There are many issues that a voter must consider when casting a ballot, but not all issues rank the same in moral value. Some are simply not negotiable, namely, those that are intrinsically evil (i.e., actions that fundamentally conflict with the moral law and can never be performed under any circumstances). Such issues must never be promoted by law, and Catholics must therefore avoid voting for those who promote them. Among such issues are the following: abortion, euthanasia, embryonic stem cell research, human cloning, same-sex "marriage". Many other issues may be left to prudential judgement (e.g., the best way to help the poor, to manage the economy, to protect the environment, to handle immigration, and to provide education, health care, and retirement security, etc.). Unlike the five non-negotiable issues above, Catholics can have a diversity of legitimate viewpoints on these sorts of prudential issues and thus have leeway in endorsing or opposing particular policies related to them. 

Pope Emeritus Benedict XVI, when he was still Joseph Cardinal Ratzinger, spoke of this in a document dealing with when Catholics may or may not receive Communion:

Not all moral issues have the same moral weight as abortion and euthanasia. For example, if a Catholic were to be at odds with the Holy Father on the application of capital punishment or on the decision to wage war, he would not for that reason be considered unworthy to present himself to receive Holy Communion. While the Church exhorts civil authorities to seek peace, not war, and to exercise discretion and mercy in imposing punishment on criminals, it may still be permissible to take up arms to repel an aggressor or to have recourse to capital punishment. There may be a legitimate diversity of opinion even among Catholics about waging war and applying the death penalty, but not however with regard to abortion and euthanasia (Cardinal Joseph Ratzinger, Worthiness to Receive Holy Communion: General Principles, 2004).

Catholics have a serious moral obligation to promote the common good through the exercise of their voting privileges (CCC 2240). It is not only civil authorities who have responsibility for a country. “Service of the common good require[s] citizens to fulfill their roles in the life of the political community” (CCC 2239). Leaving our Catholic faith behind when we go to the ballot box is simply not an option.
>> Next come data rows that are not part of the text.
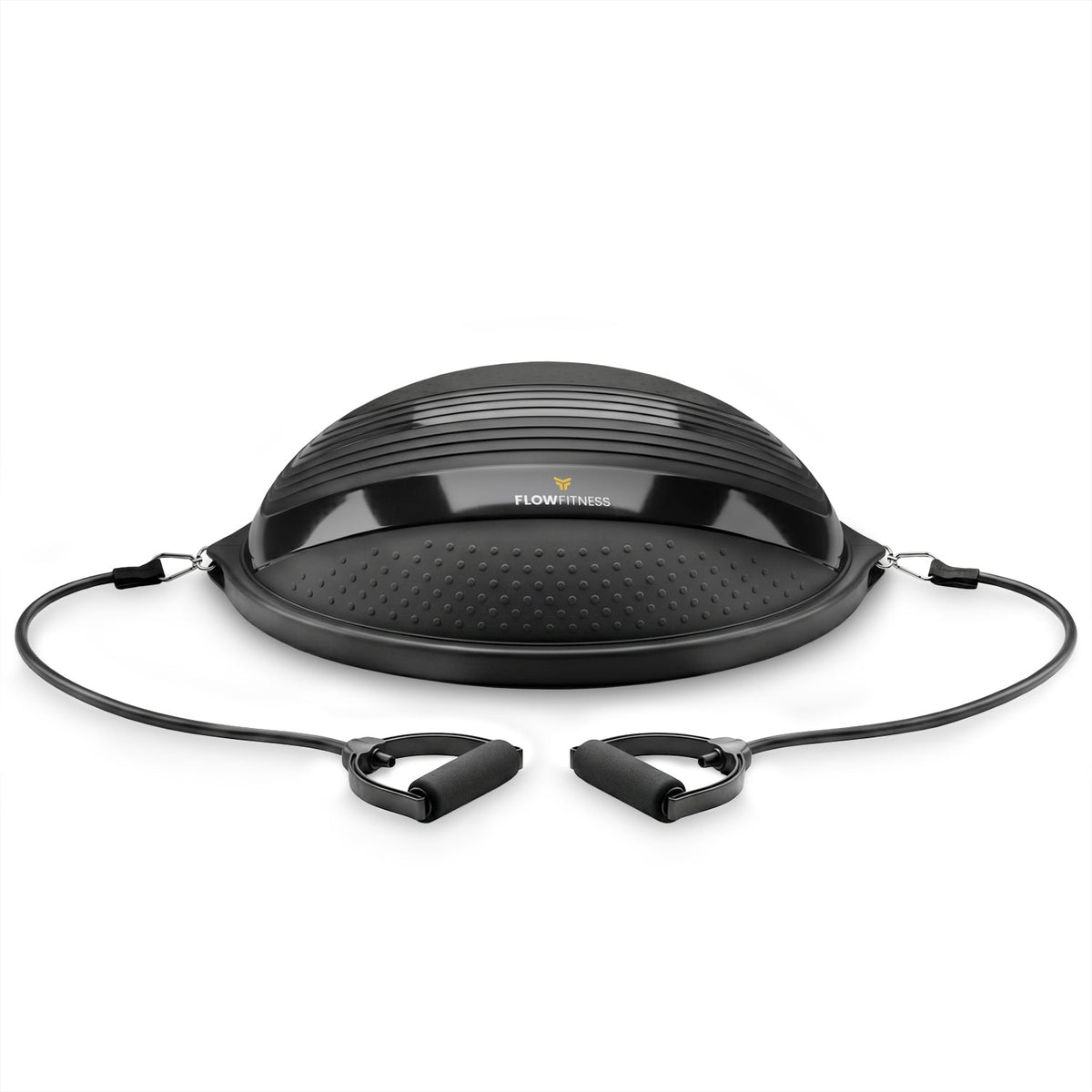 Flow Fitness Balanstrainer Pro - 63 cm - met Fitness Elastieken en Opblaaspomp - Afbeelding 5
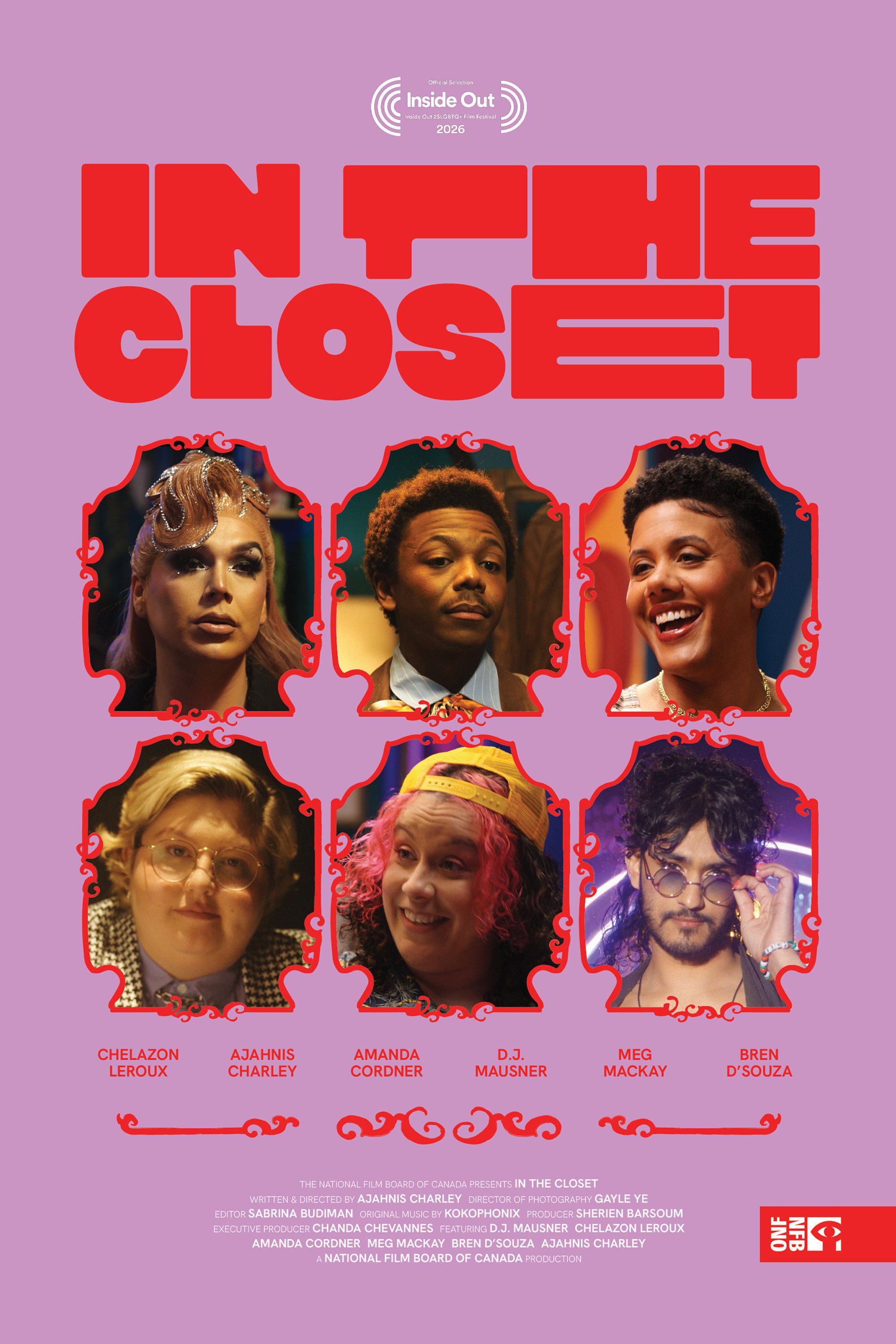 In The Closet poster
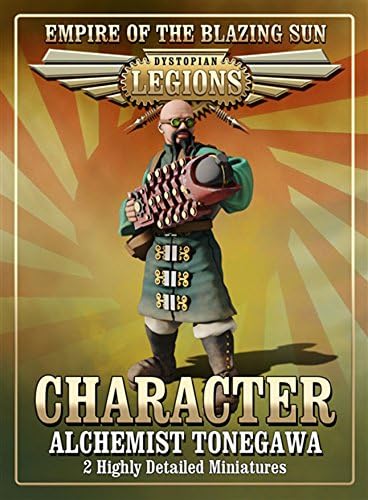 Empire of the Blazing Sun Alchemist Tonegawa and Taker Isamu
Disclaimer: This post is not written for the purpose of endorsing any specific candidate or political party. This post is written to help Catholics in the demands of their faith and it is a form of issue advocacy rather than candidate advocacy. This post is intended to help the reader vote for candidates for public ofiice in a manner consistent with Catholic moral teachings. It is meant to help the reader to narrow down the list of candidates to those who are acceptable based on the non-negotiable issues identified herein.